### What is being asked
Within the entries below, find the portion that opens with the line containing "Confederate Money Action & Adventure" and closes with the line containing "in the interval 0≤ x≤ 360°.". Retype that portion exactly and only.

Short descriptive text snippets
□ □ □

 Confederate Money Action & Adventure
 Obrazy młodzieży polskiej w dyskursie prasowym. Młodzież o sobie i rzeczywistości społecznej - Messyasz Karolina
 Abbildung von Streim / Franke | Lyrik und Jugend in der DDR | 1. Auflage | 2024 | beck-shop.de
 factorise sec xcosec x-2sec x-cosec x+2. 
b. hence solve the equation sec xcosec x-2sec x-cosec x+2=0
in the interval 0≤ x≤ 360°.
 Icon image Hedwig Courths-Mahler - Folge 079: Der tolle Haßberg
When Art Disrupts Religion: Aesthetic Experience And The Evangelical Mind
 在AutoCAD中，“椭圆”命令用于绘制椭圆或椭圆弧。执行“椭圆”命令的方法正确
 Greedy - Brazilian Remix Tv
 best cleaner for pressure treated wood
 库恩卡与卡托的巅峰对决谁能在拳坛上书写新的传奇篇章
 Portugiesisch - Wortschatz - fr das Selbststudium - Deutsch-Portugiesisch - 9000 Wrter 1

□ □ □

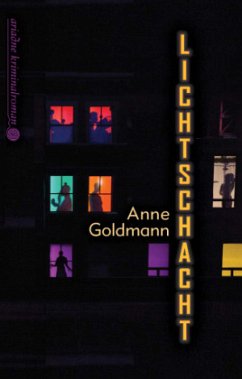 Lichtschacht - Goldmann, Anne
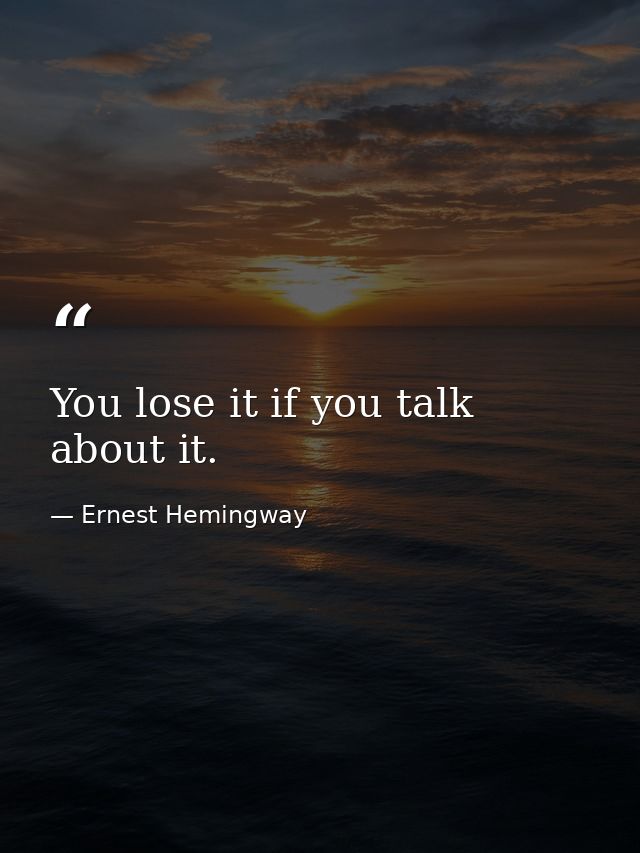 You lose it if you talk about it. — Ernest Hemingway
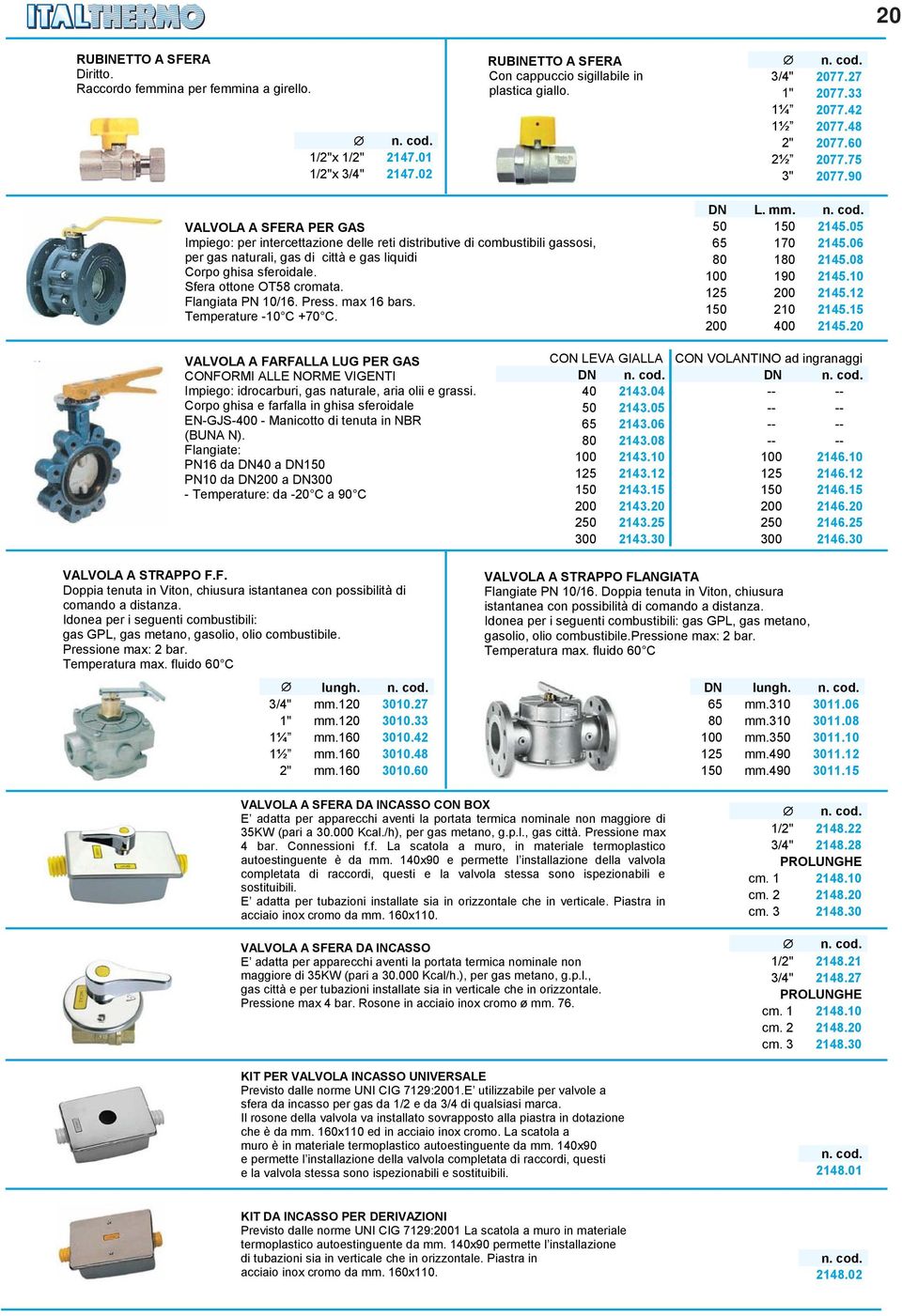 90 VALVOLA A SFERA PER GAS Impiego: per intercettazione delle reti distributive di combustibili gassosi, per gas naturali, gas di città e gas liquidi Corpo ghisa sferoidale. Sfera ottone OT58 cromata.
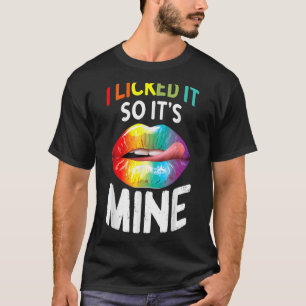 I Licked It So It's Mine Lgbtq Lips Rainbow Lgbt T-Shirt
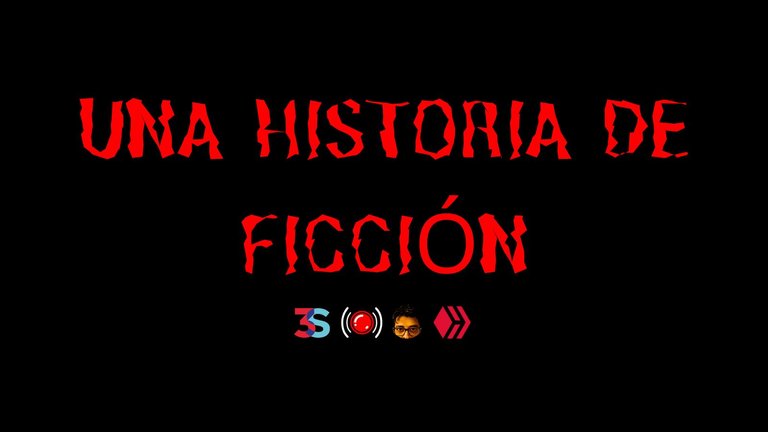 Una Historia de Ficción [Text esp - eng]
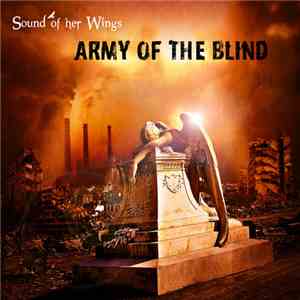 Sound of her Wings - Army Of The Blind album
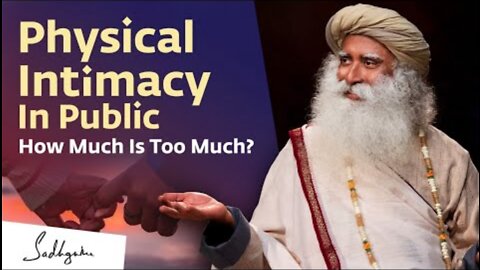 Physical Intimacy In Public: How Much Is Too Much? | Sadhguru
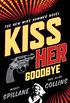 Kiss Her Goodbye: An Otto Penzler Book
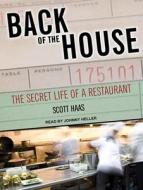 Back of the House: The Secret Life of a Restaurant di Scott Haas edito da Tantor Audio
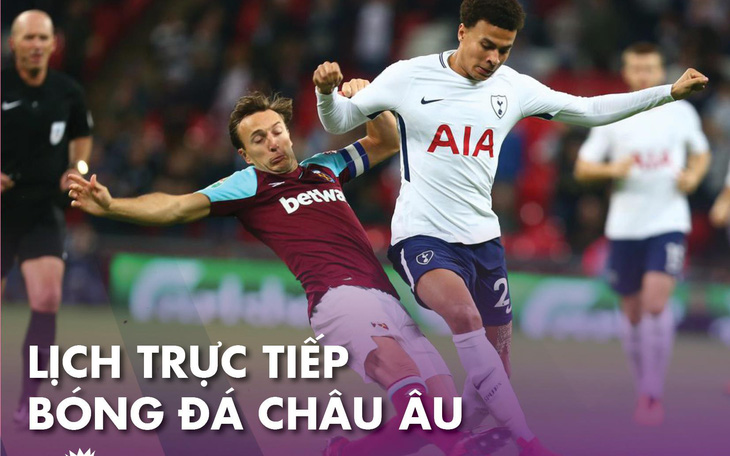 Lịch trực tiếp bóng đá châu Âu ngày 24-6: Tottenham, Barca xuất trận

□ □ □

### Answer section
 Confederate Money Action & Adventure
 Obrazy młodzieży polskiej w dyskursie prasowym. Młodzież o sobie i rzeczywistości społecznej - Messyasz Karolina
 Abbildung von Streim / Franke | Lyrik und Jugend in der DDR | 1. Auflage | 2024 | beck-shop.de
 factorise sec xcosec x-2sec x-cosec x+2. 
b. hence solve the equation sec xcosec x-2sec x-cosec x+2=0
in the interval 0≤ x≤ 360°.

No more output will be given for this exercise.